Brief descriptive captions

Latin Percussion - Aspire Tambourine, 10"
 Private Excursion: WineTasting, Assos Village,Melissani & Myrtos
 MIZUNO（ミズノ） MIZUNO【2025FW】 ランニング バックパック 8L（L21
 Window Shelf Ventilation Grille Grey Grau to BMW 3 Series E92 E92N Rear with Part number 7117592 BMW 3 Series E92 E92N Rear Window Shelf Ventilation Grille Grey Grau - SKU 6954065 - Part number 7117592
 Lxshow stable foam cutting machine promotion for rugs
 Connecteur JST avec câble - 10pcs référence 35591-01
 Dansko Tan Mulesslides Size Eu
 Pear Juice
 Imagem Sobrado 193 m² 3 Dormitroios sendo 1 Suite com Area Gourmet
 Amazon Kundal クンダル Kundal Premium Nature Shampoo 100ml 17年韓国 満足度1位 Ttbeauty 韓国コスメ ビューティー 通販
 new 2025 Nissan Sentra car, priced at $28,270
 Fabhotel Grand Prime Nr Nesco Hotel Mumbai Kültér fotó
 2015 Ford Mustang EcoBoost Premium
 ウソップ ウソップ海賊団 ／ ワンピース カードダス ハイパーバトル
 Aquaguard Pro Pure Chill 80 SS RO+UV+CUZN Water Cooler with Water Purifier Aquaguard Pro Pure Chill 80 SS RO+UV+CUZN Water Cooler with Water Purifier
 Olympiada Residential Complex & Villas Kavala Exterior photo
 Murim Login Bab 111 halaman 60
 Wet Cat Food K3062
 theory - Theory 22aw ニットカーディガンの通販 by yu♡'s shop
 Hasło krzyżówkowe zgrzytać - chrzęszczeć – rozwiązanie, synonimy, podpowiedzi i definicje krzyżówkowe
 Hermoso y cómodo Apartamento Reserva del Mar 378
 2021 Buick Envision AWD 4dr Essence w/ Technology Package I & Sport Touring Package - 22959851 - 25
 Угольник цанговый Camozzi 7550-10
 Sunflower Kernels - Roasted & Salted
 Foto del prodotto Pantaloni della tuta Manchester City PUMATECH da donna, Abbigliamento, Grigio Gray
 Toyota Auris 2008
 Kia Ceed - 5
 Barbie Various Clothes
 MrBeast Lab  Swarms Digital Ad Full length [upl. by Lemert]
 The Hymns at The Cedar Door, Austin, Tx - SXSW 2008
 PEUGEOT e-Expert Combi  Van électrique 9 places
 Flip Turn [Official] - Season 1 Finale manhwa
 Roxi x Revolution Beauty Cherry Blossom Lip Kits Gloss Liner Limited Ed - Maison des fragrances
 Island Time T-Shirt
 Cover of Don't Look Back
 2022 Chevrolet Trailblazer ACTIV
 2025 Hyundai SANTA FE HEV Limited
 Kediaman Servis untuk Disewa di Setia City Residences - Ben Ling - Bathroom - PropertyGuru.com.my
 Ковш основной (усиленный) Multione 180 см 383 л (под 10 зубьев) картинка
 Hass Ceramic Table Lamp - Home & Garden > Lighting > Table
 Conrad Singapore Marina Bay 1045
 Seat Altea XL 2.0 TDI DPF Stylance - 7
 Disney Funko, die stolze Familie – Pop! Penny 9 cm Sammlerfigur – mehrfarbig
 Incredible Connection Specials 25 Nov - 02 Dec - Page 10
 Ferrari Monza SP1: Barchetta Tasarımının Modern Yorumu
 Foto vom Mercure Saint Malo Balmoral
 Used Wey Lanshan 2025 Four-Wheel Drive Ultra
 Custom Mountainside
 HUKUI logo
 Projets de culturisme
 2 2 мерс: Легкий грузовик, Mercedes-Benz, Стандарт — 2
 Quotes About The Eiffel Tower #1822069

**Assigned task:** Output an exact copy of each record.

**Exercise solution:**
Latin Percussion - Aspire Tambourine, 10"
 Private Excursion: WineTasting, Assos Village,Melissani & Myrtos
 MIZUNO（ミズノ） MIZUNO【2025FW】 ランニング バックパック 8L（L21
 Window Shelf Ventilation Grille Grey Grau to BMW 3 Series E92 E92N Rear with Part number 7117592 BMW 3 Series E92 E92N Rear Window Shelf Ventilation Grille Grey Grau - SKU 6954065 - Part number 7117592
 Lxshow stable foam cutting machine promotion for rugs
 Connecteur JST avec câble - 10pcs référence 35591-01
 Dansko Tan Mulesslides Size Eu
 Pear Juice
 Imagem Sobrado 193 m² 3 Dormitroios sendo 1 Suite com Area Gourmet
 Amazon Kundal クンダル Kundal Premium Nature Shampoo 100ml 17年韓国 満足度1位 Ttbeauty 韓国コスメ ビューティー 通販
 new 2025 Nissan Sentra car, priced at $28,270
 Fabhotel Grand Prime Nr Nesco Hotel Mumbai Kültér fotó
 2015 Ford Mustang EcoBoost Premium
 ウソップ ウソップ海賊団 ／ ワンピース カードダス ハイパーバトル
 Aquaguard Pro Pure Chill 80 SS RO+UV+CUZN Water Cooler with Water Purifier Aquaguard Pro Pure Chill 80 SS RO+UV+CUZN Water Cooler with Water Purifier
 Olympiada Residential Complex & Villas Kavala Exterior photo
 Murim Login Bab 111 halaman 60
 Wet Cat Food K3062
 theory - Theory 22aw ニットカーディガンの通販 by yu♡'s shop
 Hasło krzyżówkowe zgrzytać - chrzęszczeć – rozwiązanie, synonimy, podpowiedzi i definicje krzyżówkowe
 Hermoso y cómodo Apartamento Reserva del Mar 378
 2021 Buick Envision AWD 4dr Essence w/ Technology Package I & Sport Touring Package - 22959851 - 25
 Угольник цанговый Camozzi 7550-10
 Sunflower Kernels - Roasted & Salted
 Foto del prodotto Pantaloni della tuta Manchester City PUMATECH da donna, Abbigliamento, Grigio Gray
 Toyota Auris 2008
 Kia Ceed - 5
 Barbie Various Clothes
 MrBeast Lab  Swarms Digital Ad Full length [upl. by Lemert]
 The Hymns at The Cedar Door, Austin, Tx - SXSW 2008
 PEUGEOT e-Expert Combi  Van électrique 9 places
 Flip Turn [Official] - Season 1 Finale manhwa
 Roxi x Revolution Beauty Cherry Blossom Lip Kits Gloss Liner Limited Ed - Maison des fragrances
 Island Time T-Shirt
 Cover of Don't Look Back
 2022 Chevrolet Trailblazer ACTIV
 2025 Hyundai SANTA FE HEV Limited
 Kediaman Servis untuk Disewa di Setia City Residences - Ben Ling - Bathroom - PropertyGuru.com.my
 Ковш основной (усиленный) Multione 180 см 383 л (под 10 зубьев) картинка
 Hass Ceramic Table Lamp - Home & Garden > Lighting > Table
 Conrad Singapore Marina Bay 1045
 Seat Altea XL 2.0 TDI DPF Stylance - 7
 Disney Funko, die stolze Familie – Pop! Penny 9 cm Sammlerfigur – mehrfarbig
 Incredible Connection Specials 25 Nov - 02 Dec - Page 10
 Ferrari Monza SP1: Barchetta Tasarımının Modern Yorumu
 Foto vom Mercure Saint Malo Balmoral
 Used Wey Lanshan 2025 Four-Wheel Drive Ultra
 Custom Mountainside
 HUKUI logo
 Projets de culturisme
 2 2 мерс: Легкий грузовик, Mercedes-Benz, Стандарт — 2
 Quotes About The Eiffel Tower #1822069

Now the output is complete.